▶ What you will do: Would you retype exactly the lines below, starting with the one that has "Trif Gray Shadow Box Picture Frame" and going on through the one that has "Used 2014 Mercedes-Benz", with no pictures and nothing else?
────
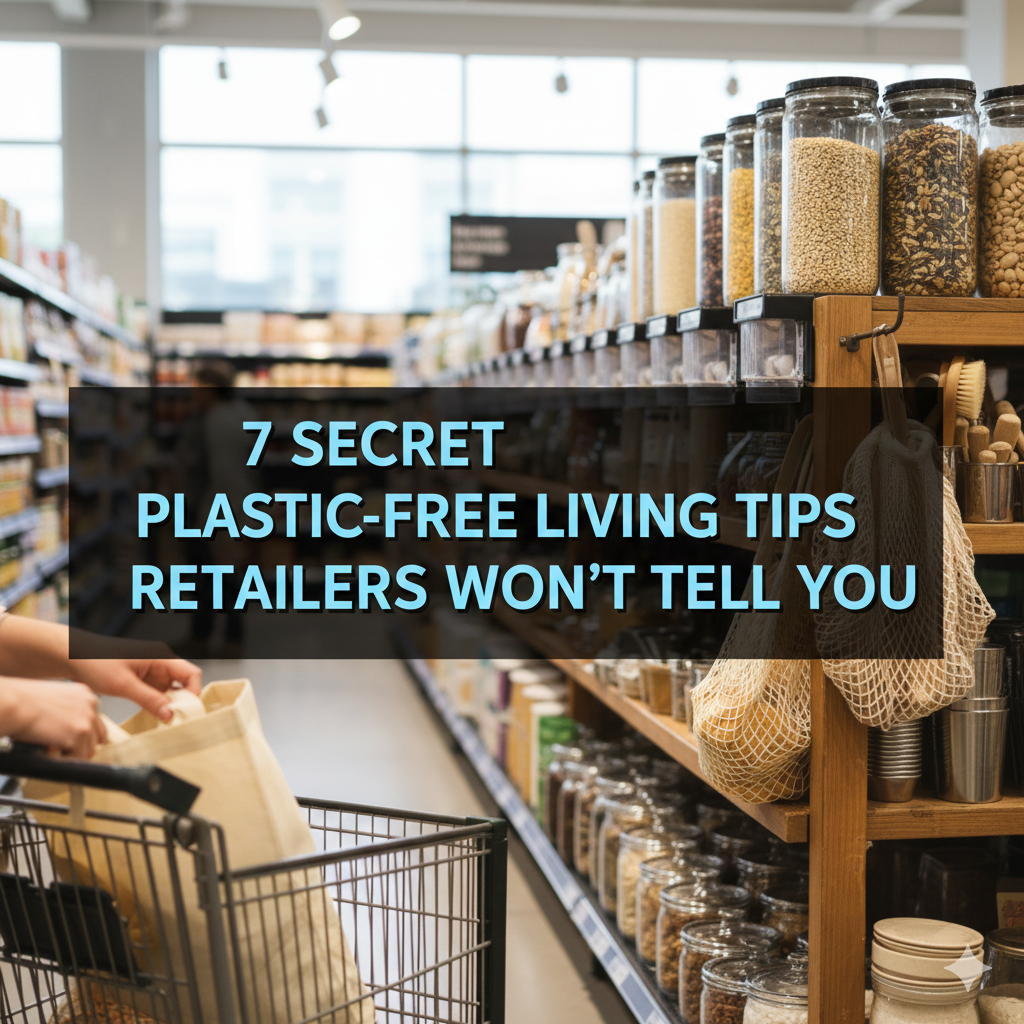 7 Secret Plastic-Free Living Tips Retailers Won’t Tell You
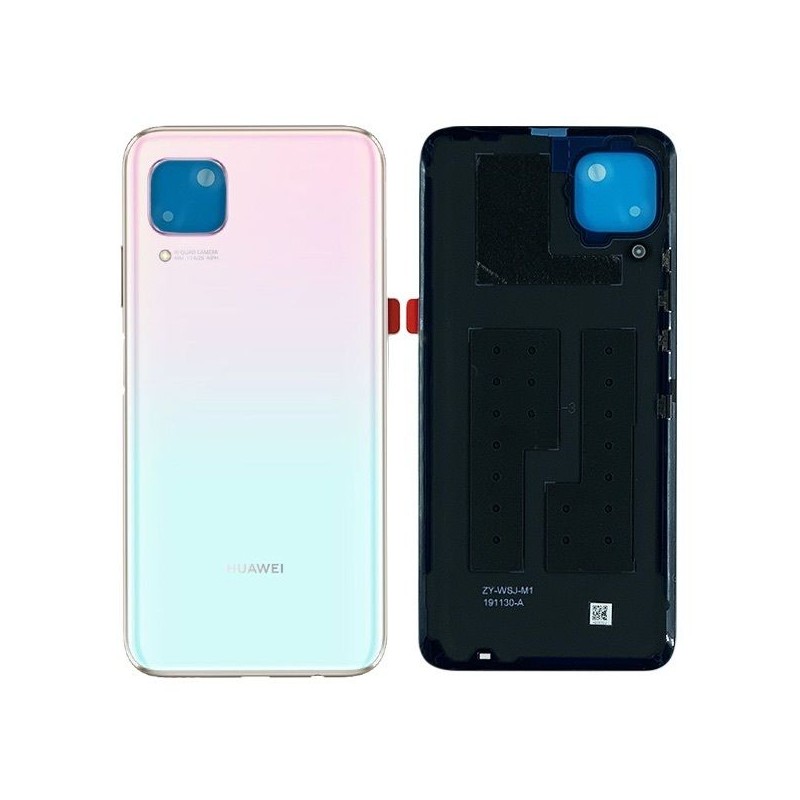 Vitre Arri&egrave;re / Cache Batterie Original Huawei P40 Lite Rose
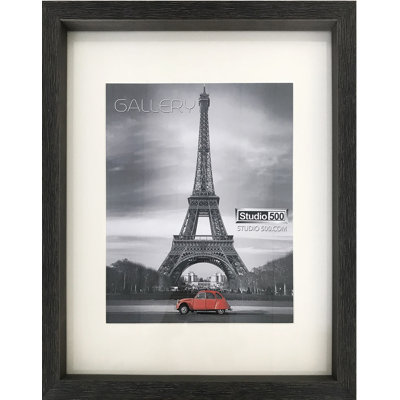 Trif Gray Shadow Box Picture Frame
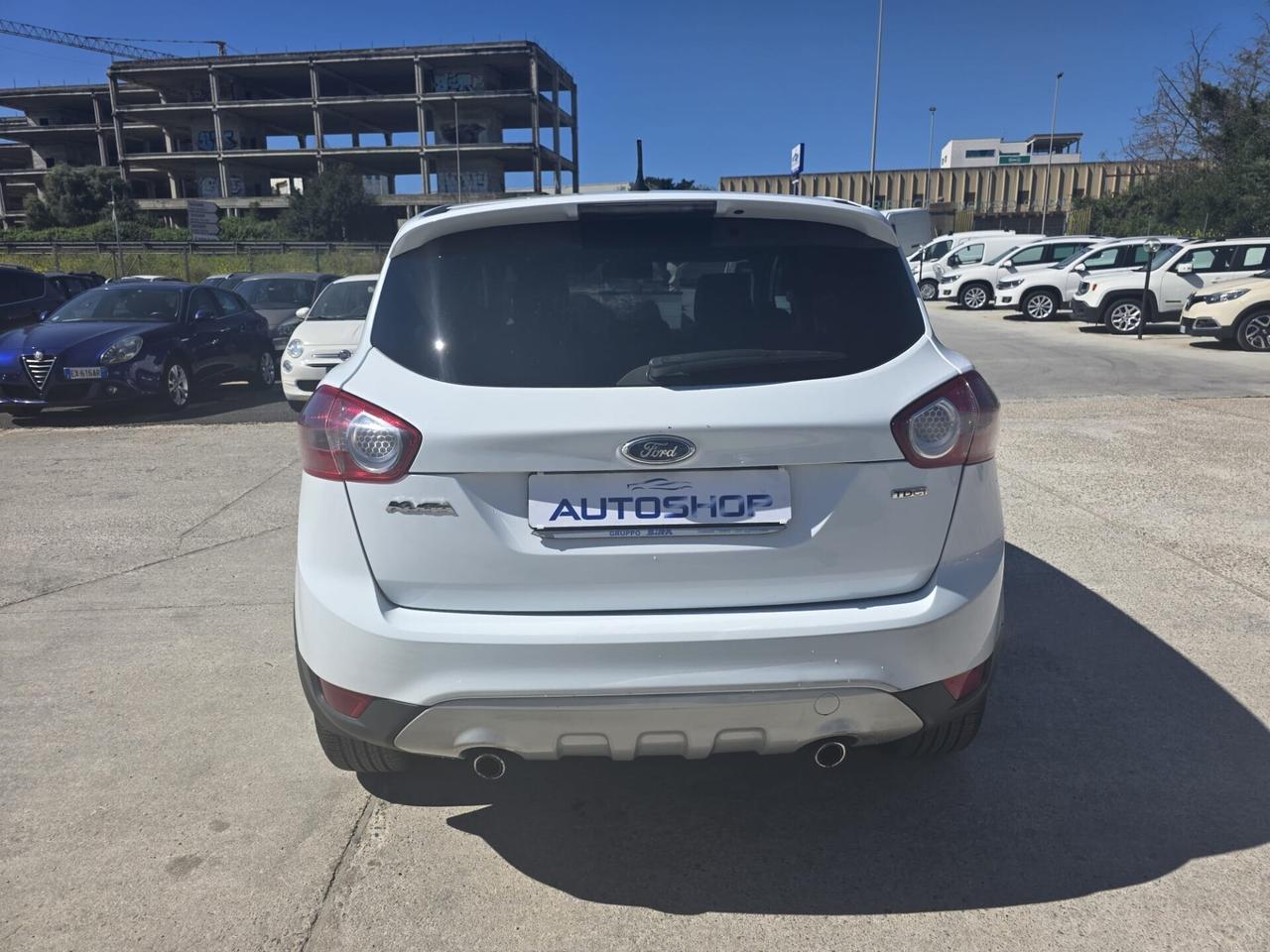 Ford Kuga 2.0 TDCi 136 CV 4WD Titanium DPF
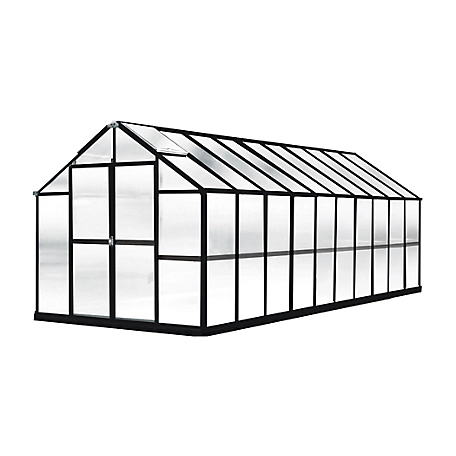 Mont 8 ft. x 20 ft. Growers Edition Greenhouse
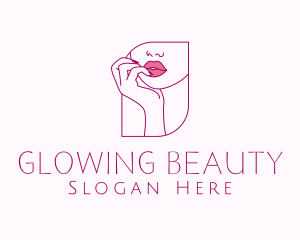 Beauty Cosmetic Lips logo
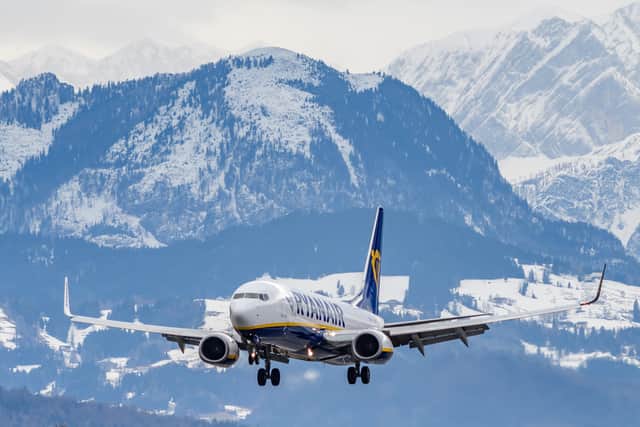 Ryanair has unveiled its Lapland flight schedule for winter this year (Photo: Adobe)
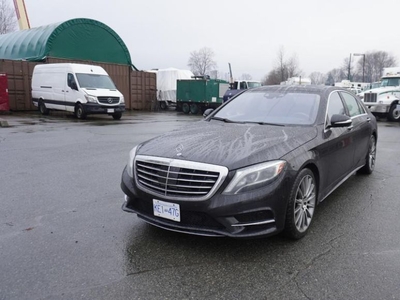 Used 2014 Mercedes-Benz S-Class S550 4MATIC for Sale in Burnaby, British Columbia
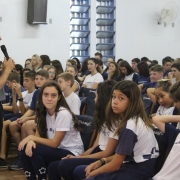 1º DIA DE AULA do ENSINO FUNDAMENTAL II E DO ENSINO 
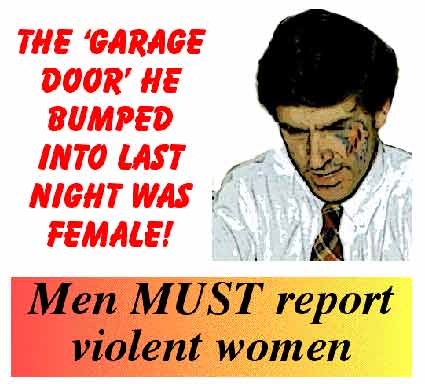 Man as a victim of Domestic Violence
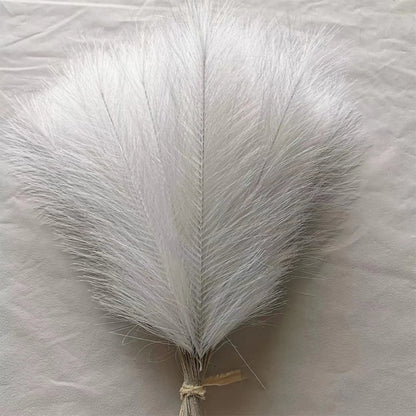 5/10/20PCS Fluffy Pampas Grass Boho Decor Artificial Flower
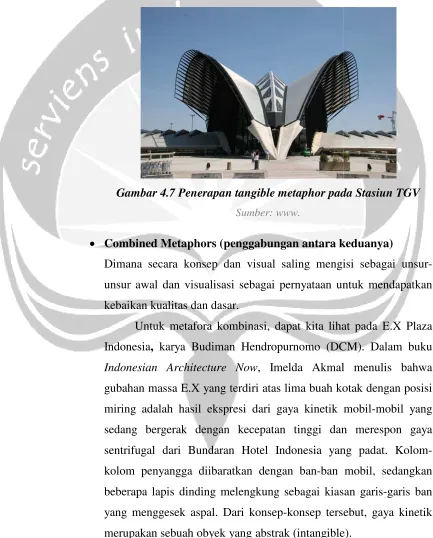 Gambar 4.7 Penerapan tangible metaphor padaGam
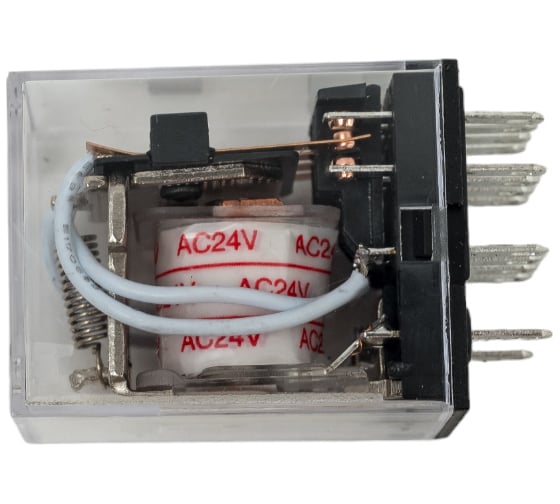 Реле IEK РЭК78/4 MY4 3А 24В АC RRP20-4-03-024A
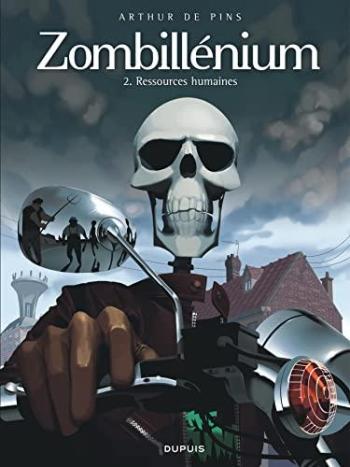 Couverture de l'album Zombillénium - 2. Ressources Humaines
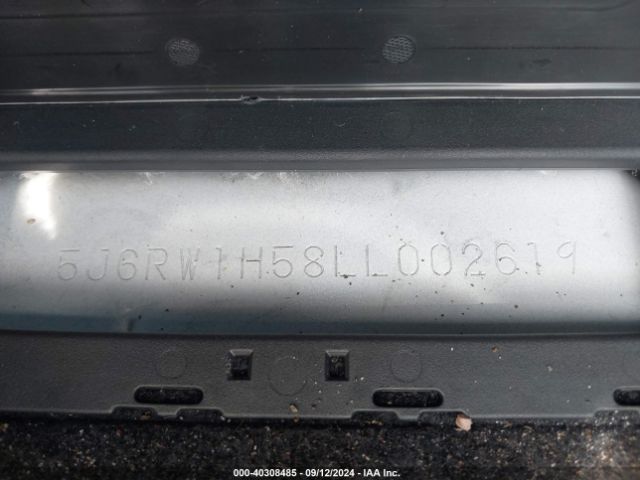 5J6RW1H58LL002619 Honda Cr-v 2wd Ex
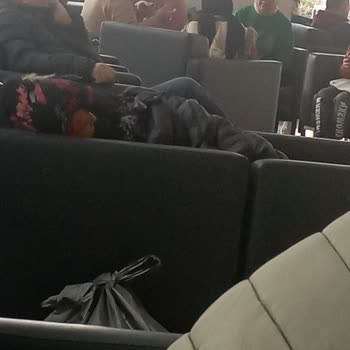 Ankara Bilkent Şehir Hastanesi Acil Bekleme Salonunda Uygunluk Sorunu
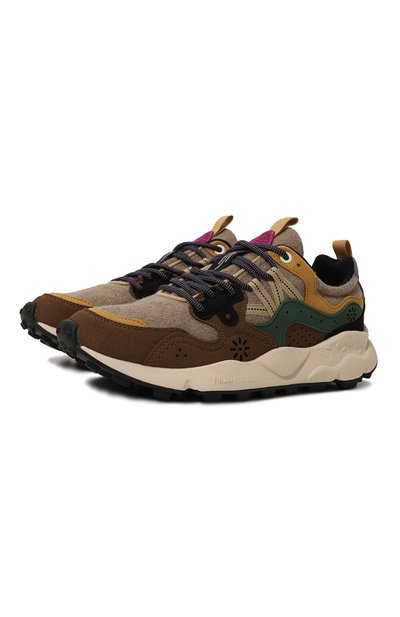 Женские комбинированные кроссовки yamano 3 FLOWER MOUNTAIN, арт. 001 2018336/02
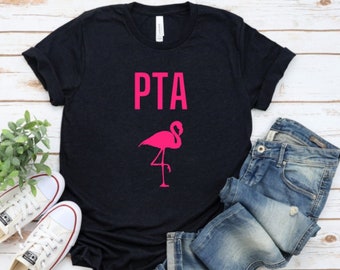 Creekview Ranch PTA Hawaiian Shirt Flamingo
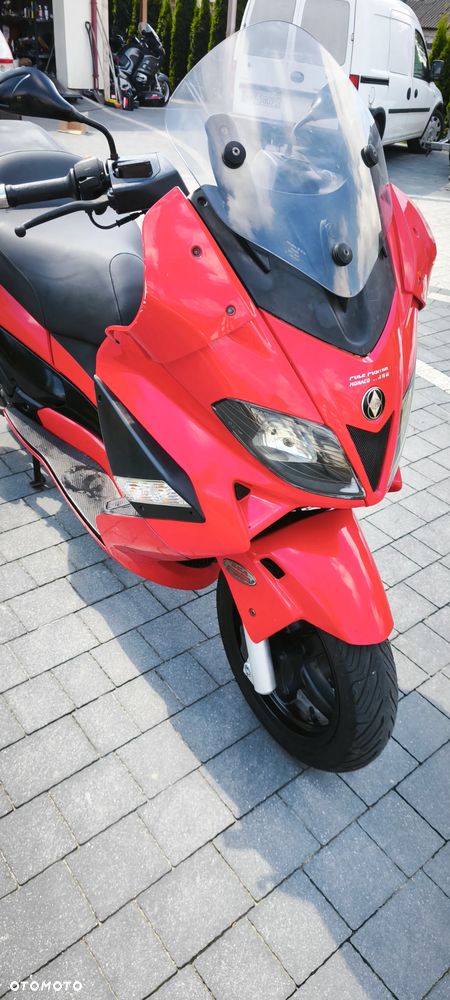 Gilera Nexus 500 - 11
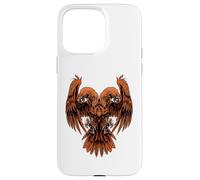 Empire Byzantin - Aigle à Deux têtes - Histoire médiévale Coque pour iPhone 15 Pro Max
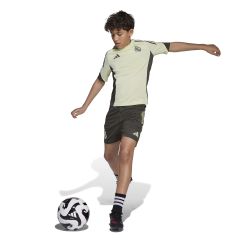 Real Madrid Trainings T-shirt & Short JR Lichtgroen/Donkergroen_1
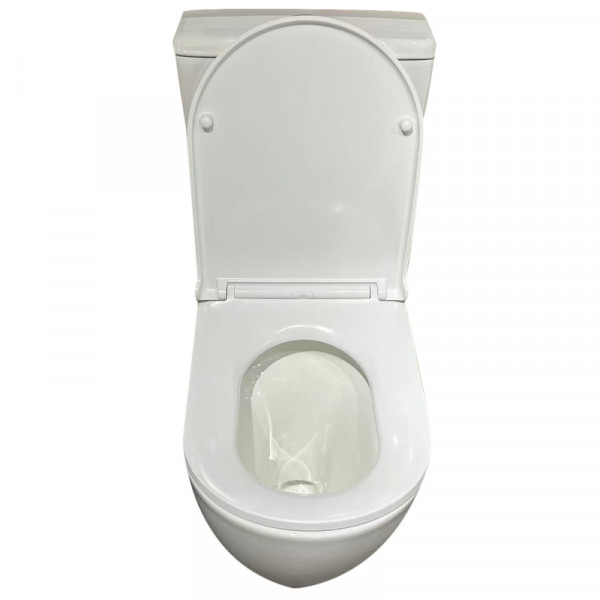 Унітаз-компакт ергономічний Koer TT-0201-T3 675x390x860mm система змиву TORNADO 3.0 (KR5613)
────
▶ Solution to the problem:
 Trif Gray Shadow Box Picture Frame
 Ford Kuga 2.0 TDCi 136 CV 4WD Titanium DPF
 Mont 8 ft. x 20 ft. Growers Edition Greenhouse
 Beauty Cosmetic Lips logo
 Ryanair has unveiled its Lapland flight schedule for winter this year (Photo: Adobe)
 Used 2014 Mercedes-Benz S-Class S550 4MATIC for Sale in Burnaby, British Columbia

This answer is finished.